■ WORK TO BE COMPLETED
Using the data that follows, return exactly the lines from the one that contains "Terreno (Comercial) en" through the one that contains "TOYOTA COASTER", ends included.

■ RECORDS FOR PROCESSING
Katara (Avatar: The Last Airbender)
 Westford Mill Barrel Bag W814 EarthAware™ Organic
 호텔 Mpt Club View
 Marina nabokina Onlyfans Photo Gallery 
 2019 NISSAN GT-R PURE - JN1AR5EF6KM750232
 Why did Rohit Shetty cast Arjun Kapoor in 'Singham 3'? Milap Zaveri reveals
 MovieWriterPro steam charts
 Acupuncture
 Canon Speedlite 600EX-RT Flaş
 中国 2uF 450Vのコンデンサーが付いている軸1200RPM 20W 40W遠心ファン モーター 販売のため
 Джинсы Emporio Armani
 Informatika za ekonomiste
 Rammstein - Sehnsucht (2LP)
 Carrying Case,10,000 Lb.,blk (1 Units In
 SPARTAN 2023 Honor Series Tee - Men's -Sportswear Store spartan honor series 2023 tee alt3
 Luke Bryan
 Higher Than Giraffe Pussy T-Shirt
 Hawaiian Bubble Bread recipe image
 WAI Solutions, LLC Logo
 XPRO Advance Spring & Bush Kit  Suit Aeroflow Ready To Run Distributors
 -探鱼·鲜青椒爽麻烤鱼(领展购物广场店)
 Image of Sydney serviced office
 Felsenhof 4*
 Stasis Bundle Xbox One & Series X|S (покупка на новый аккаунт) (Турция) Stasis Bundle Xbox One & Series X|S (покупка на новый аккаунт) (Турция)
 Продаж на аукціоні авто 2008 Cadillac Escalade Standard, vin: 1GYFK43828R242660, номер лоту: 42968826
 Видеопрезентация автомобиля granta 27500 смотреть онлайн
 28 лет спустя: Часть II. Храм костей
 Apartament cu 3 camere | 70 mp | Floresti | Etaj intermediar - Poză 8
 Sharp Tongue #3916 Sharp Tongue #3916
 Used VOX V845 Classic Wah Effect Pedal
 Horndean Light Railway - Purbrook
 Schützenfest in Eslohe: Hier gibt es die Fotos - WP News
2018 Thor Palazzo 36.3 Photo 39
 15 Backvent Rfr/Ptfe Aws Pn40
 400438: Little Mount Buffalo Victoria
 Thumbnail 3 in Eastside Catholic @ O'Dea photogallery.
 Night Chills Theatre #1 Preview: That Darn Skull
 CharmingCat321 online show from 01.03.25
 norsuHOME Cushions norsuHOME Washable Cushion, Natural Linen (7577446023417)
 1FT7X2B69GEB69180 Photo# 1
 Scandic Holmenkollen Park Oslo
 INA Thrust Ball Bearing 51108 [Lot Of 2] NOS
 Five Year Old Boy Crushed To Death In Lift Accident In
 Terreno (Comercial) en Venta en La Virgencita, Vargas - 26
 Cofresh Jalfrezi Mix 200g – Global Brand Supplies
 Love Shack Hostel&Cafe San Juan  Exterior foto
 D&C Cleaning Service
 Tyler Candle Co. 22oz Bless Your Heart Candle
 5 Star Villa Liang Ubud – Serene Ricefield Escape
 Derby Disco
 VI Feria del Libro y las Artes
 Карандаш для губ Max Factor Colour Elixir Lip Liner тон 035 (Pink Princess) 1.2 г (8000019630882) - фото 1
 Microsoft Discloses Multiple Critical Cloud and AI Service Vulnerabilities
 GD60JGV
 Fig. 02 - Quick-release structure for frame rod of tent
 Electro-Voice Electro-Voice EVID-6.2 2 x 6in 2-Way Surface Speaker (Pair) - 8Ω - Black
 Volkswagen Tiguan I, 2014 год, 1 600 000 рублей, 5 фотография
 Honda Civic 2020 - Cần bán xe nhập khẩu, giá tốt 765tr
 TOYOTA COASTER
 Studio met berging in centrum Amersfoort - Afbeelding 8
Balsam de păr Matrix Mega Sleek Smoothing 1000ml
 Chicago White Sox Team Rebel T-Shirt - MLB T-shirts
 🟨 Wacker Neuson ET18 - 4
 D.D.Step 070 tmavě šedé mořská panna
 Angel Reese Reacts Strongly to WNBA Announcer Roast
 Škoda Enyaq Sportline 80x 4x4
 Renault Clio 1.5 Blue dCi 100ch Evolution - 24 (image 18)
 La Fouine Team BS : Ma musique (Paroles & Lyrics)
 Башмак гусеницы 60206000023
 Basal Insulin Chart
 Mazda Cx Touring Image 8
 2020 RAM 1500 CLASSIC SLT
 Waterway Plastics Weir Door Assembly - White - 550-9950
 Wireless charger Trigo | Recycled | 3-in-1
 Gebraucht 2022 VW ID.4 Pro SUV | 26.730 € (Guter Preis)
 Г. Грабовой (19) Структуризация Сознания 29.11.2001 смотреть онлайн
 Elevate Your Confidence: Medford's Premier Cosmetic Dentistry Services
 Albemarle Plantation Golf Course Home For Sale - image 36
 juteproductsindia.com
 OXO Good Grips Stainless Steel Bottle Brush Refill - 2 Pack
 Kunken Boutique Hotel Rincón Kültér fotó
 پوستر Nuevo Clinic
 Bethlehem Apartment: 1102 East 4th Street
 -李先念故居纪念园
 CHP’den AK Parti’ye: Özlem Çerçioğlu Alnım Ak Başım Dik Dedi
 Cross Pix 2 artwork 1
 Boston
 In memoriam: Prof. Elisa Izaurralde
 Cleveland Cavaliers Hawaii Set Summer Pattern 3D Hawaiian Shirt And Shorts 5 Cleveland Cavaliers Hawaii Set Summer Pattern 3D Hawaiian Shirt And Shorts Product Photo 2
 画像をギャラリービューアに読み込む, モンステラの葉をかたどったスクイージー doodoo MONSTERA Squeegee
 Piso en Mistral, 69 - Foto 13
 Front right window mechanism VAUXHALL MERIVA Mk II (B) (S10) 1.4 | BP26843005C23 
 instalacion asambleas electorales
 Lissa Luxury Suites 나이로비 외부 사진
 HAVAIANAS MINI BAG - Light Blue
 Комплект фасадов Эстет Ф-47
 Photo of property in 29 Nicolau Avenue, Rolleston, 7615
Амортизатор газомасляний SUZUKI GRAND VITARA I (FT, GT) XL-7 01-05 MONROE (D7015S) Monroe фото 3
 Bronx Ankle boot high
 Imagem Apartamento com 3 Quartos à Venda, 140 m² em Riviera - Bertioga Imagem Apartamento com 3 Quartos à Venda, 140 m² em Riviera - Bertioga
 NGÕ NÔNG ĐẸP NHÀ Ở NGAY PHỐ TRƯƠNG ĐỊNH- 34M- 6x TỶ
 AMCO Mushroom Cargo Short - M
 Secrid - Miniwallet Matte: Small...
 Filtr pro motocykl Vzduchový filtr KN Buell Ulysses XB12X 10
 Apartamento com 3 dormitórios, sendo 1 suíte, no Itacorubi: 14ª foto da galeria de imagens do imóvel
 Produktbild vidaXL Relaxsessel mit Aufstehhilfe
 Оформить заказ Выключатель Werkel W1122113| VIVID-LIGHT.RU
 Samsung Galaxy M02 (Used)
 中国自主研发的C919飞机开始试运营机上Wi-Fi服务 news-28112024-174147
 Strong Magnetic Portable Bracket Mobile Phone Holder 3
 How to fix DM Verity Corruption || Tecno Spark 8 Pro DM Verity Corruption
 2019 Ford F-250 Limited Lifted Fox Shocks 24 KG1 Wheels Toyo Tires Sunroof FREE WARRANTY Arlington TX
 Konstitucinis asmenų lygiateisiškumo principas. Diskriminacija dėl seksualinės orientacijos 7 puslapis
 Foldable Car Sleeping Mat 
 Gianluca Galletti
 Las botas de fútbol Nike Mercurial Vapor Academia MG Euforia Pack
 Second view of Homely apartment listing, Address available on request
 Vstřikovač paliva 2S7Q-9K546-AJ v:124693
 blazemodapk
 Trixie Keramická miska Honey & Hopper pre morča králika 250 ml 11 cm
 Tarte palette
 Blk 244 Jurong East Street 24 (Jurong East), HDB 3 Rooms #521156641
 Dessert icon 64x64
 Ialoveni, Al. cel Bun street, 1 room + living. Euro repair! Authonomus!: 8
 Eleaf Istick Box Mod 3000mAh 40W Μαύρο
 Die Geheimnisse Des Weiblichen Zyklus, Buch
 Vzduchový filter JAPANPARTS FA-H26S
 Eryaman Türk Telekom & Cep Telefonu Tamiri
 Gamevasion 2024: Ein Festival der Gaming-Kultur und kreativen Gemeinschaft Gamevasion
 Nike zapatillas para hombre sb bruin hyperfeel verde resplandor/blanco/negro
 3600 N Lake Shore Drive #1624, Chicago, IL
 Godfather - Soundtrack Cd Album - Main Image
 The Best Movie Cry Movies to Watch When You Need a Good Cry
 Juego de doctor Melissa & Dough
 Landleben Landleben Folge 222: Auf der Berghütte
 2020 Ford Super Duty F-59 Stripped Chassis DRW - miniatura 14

■ OUTPUT
 Terreno (Comercial) en Venta en La Virgencita, Vargas - 26
 Cofresh Jalfrezi Mix 200g – Global Brand Supplies
 Love Shack Hostel&Cafe San Juan  Exterior foto
 D&C Cleaning Service
 Tyler Candle Co. 22oz Bless Your Heart Candle
 5 Star Villa Liang Ubud – Serene Ricefield Escape
 Derby Disco
 VI Feria del Libro y las Artes
 Карандаш для губ Max Factor Colour Elixir Lip Liner тон 035 (Pink Princess) 1.2 г (8000019630882) - фото 1
 Microsoft Discloses Multiple Critical Cloud and AI Service Vulnerabilities
 GD60JGV
 Fig. 02 - Quick-release structure for frame rod of tent
 Electro-Voice Electro-Voice EVID-6.2 2 x 6in 2-Way Surface Speaker (Pair) - 8Ω - Black
 Volkswagen Tiguan I, 2014 год, 1 600 000 рублей, 5 фотография
 Honda Civic 2020 - Cần bán xe nhập khẩu, giá tốt 765tr
 TOYOTA COASTER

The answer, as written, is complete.